TASK DESCRIPTION: Go to the line below that has "Hijo ajeno Capítulo 30 - Page 8", print it and each line after it exactly, and stop after the line that has "2HGFG12317H006710 2007 HONDA"; leave out pictures.

SUPPLIED ENTRIES:
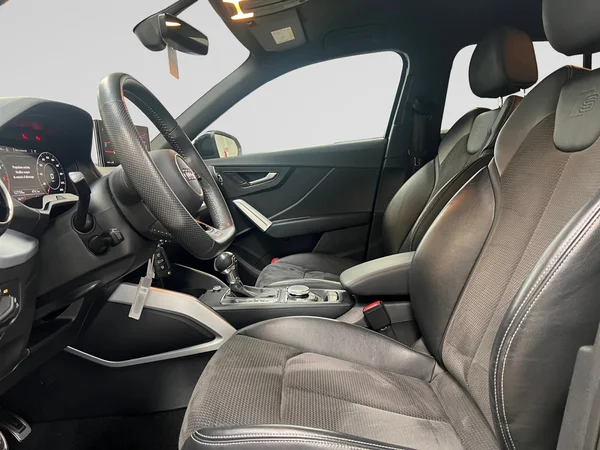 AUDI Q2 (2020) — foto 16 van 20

==

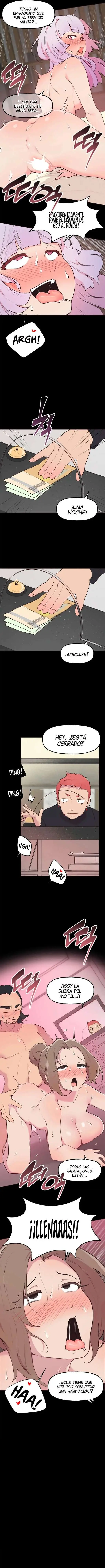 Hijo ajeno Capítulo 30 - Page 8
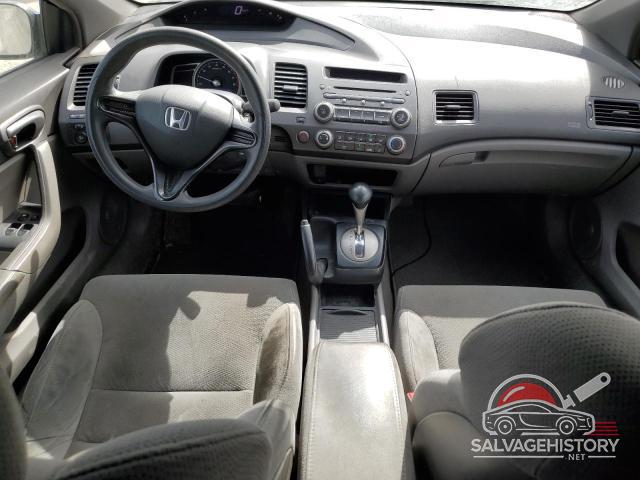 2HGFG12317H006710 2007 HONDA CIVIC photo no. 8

* * *

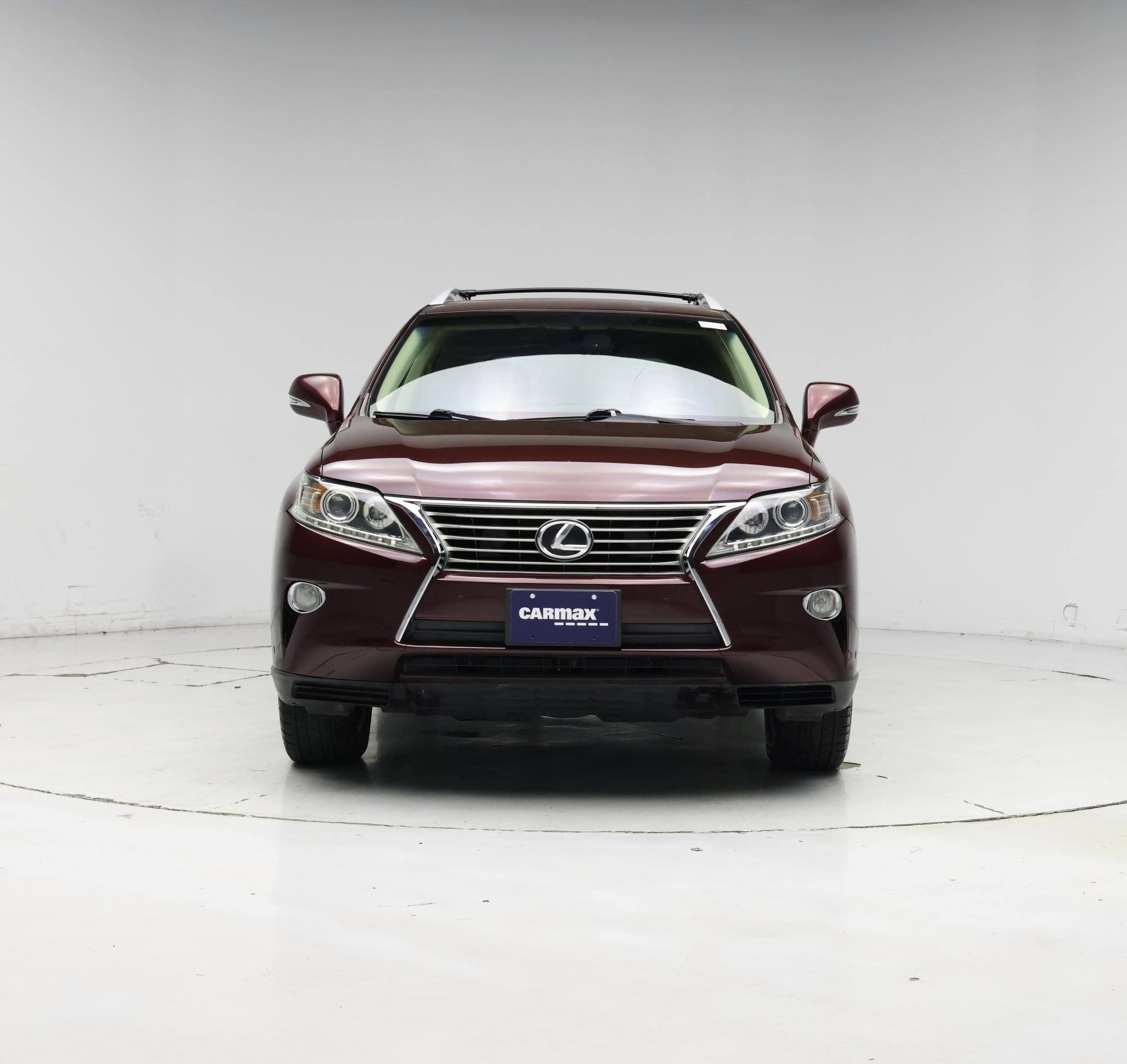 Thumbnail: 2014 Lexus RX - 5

EXERCISE RESPONSE:
 Hijo ajeno Capítulo 30 - Page 8
 2HGFG12317H006710 2007 HONDA CIVIC photo no. 8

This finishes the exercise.